Note that the sampling scheme in the main parameter β does not use the previous sampled values of β and there is no rejection steps, thereby autocorrelation of β generated from the above MCMC algorithm is expected to be very small, which will be demonstrated in our numerical studies in Section 3.

3. Numerical Studies

3.1. Bayesian Robustness Properties

We demonstrate Bayesian robustness properties of the proposed method compared with existing ones. We first consider the influence function of posterior means.
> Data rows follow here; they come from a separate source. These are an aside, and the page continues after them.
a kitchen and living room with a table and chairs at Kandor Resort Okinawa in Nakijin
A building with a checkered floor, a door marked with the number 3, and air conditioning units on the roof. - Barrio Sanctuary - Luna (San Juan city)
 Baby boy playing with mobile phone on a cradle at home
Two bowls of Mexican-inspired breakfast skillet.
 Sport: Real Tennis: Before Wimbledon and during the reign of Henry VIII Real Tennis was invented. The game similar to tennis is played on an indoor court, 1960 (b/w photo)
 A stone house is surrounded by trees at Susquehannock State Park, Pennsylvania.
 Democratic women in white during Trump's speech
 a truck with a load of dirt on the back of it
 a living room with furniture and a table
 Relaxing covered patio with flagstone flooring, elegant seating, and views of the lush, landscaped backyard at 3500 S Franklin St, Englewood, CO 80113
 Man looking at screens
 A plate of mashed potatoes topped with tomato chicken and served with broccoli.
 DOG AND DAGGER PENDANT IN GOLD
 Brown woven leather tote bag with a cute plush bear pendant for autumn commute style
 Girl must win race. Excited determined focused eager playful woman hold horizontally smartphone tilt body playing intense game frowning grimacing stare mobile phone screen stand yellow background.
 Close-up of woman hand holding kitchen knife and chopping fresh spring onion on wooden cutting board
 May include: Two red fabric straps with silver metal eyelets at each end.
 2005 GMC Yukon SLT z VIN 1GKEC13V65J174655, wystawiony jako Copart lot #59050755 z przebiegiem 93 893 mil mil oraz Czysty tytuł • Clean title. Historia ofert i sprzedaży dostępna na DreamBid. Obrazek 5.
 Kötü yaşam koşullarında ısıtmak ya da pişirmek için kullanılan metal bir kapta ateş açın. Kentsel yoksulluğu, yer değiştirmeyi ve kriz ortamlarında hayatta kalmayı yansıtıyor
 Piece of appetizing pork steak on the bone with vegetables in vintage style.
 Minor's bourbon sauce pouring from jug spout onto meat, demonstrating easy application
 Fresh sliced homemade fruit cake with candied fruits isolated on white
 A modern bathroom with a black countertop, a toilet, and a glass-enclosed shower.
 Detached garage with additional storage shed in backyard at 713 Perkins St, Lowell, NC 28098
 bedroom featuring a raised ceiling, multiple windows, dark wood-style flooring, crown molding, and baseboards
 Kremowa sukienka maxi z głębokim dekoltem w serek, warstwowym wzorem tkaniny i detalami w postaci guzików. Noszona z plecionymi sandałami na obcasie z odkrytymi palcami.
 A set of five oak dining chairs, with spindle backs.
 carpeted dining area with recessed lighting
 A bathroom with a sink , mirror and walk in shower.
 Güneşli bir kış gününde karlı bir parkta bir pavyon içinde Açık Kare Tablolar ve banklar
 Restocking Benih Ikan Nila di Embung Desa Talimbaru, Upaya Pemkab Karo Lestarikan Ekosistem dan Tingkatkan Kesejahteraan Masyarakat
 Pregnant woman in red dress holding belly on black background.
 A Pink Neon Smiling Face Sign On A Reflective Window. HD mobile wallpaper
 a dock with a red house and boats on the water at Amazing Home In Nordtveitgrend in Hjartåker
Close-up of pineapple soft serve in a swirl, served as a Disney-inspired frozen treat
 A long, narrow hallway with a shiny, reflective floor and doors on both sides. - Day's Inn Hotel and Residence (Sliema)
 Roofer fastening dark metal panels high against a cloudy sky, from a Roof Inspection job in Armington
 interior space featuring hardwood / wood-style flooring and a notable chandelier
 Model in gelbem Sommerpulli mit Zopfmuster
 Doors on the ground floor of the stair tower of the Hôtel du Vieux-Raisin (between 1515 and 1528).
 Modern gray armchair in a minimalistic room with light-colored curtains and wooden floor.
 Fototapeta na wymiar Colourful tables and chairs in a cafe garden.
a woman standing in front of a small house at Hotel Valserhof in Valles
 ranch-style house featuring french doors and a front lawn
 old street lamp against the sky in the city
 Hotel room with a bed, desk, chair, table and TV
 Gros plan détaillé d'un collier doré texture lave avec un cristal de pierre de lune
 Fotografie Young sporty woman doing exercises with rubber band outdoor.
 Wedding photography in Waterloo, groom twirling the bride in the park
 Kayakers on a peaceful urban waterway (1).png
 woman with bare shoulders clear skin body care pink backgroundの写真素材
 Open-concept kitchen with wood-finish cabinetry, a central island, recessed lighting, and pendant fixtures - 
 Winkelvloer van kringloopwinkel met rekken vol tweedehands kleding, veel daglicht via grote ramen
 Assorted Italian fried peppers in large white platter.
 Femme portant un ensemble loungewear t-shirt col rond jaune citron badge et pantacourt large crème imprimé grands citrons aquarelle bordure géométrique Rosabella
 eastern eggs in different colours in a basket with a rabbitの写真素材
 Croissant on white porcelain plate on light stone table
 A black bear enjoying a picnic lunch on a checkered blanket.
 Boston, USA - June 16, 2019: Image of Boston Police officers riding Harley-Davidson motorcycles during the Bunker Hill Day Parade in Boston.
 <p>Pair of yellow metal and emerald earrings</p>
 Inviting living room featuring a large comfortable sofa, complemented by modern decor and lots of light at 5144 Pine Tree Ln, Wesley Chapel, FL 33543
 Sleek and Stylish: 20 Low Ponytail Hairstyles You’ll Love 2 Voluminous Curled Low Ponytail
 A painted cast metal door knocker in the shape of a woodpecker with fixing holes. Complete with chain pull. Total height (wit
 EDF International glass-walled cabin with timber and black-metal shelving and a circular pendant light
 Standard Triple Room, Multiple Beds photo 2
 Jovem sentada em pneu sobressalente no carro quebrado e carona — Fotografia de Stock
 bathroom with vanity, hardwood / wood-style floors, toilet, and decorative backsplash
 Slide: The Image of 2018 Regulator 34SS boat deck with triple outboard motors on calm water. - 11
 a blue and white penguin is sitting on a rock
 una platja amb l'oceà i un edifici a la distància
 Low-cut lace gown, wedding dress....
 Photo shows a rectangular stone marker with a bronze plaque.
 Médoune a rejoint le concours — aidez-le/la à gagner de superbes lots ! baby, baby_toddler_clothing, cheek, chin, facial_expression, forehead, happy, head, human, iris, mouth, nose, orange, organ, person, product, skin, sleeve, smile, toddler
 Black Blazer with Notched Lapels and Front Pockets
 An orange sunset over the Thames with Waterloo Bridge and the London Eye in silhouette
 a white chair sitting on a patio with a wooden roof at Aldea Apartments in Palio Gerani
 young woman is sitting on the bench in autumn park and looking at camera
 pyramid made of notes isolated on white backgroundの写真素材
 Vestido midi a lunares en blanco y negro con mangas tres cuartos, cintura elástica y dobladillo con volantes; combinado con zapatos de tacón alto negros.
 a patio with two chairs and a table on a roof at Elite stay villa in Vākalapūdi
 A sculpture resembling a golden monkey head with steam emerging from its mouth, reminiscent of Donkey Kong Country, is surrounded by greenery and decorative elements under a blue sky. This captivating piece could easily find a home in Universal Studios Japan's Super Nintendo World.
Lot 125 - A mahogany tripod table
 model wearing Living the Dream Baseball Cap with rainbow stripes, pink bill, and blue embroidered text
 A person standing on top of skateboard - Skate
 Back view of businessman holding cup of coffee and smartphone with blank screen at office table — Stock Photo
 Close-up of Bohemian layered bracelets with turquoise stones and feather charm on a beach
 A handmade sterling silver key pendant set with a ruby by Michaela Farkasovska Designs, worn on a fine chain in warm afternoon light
To this end, we employ a simple linear regression model given by

$$y_i=\alpha +\beta x_i+{\epsilon }_i,i=1,\dots ,n,$$

(8)

where $\alpha =0,\beta =1$, ${\epsilon }_i\sim N(0,{\sigma }^2)$ with ${\sigma }^2=1$, $x_i$ is generated from the standard normal distribution, and we set $n=300$. Let $\theta =(\alpha ,\beta ,{\sigma }^2)$ be the set of unknown parameters in the model. Let $f(y_i|x_i;\theta )$ be the assumed density function for each $y_i$ given $x_i$. Then, the Bayesian analog of the influence function for the posterior means [1,11] of ${\theta }_k(k=1,2,3)$ evaluated at x is given by ${\mathrm{IF}}_k(z|x)=n{\mathrm{Cov}}_{\theta |D}({\theta }_k,H(\theta ,z|x))$, where ${\mathrm{Cov}}_{\theta |D}$ denotes the covariance with respect to the posterior distribution of θ under the model (8), and $H(\theta ,z|x)$ is the derivative of the (synthetic) likelihood under contamination with respect to the contamination ratio [1,11]. We used uniform priors for α and β, and $\mathrm{Ga}(1,1)$ prior for ${\sigma }^{-2}$ to obtain the posterior distribution of θ under the model (8). Under the standard likelihood function, it holds that $H(\theta ,z|x)=logf(\alpha +\beta x+z|x;\theta )-\int logf(t|x;\theta )g(t|x)\mathrm{d}t$, where $g(·|x)=\varphi (·;x,1)$ is the true density under (8). Also, it follows that

$$H(\theta ,z|x)=\frac{1}{\gamma }\{\frac{f{(\alpha +\beta x+z|x;\theta )}^{\gamma }}{\int f{(t|x;\theta )}^{\gamma }g(t|x;{\theta }_0)\mathrm{d}t}-1\}$$

under the γ-divergence. We note that z can be interpreted as the residual of the outlying value, namely, the distance between the outlying value and the regression line $\alpha +\beta x$. We approximated the integral appeared in H by Monte Carlo integration based on 2000 random samples from $g(·|x)$. Based on 10,000 posterior samples of θ, we computed ${\mathrm{IF}}_1(z|x)$ and ${\mathrm{IF}}_2(z|x)$ which are the influence functions for α and β, respectively, for $x\in \{-0.5,1\}$ and $z\in [-10,10]$, under the γ-divergence with $\gamma =0.2$ (RBR1) and $\gamma =0.5$ (RBR2). For comparison, we also computed the influence functions using the normal distribution (LM), Cauchy distribution (c-LM) and t-distribution with 3 degrees of freedom (t-LM) for the error term ${\epsilon }_i$ in the model (8). The results are presented in Figure 1. It shows that using heavy-tailed distributions such as Cauchy and t-distribution provide bounded influence functions for both parameters, but the influence functions based on the proposed γ-divergence method quickly converges to 0 as $\left|z\right|$ increases. This would indicate more strong robustness of the proposed method than using the heavy-tailed distributions.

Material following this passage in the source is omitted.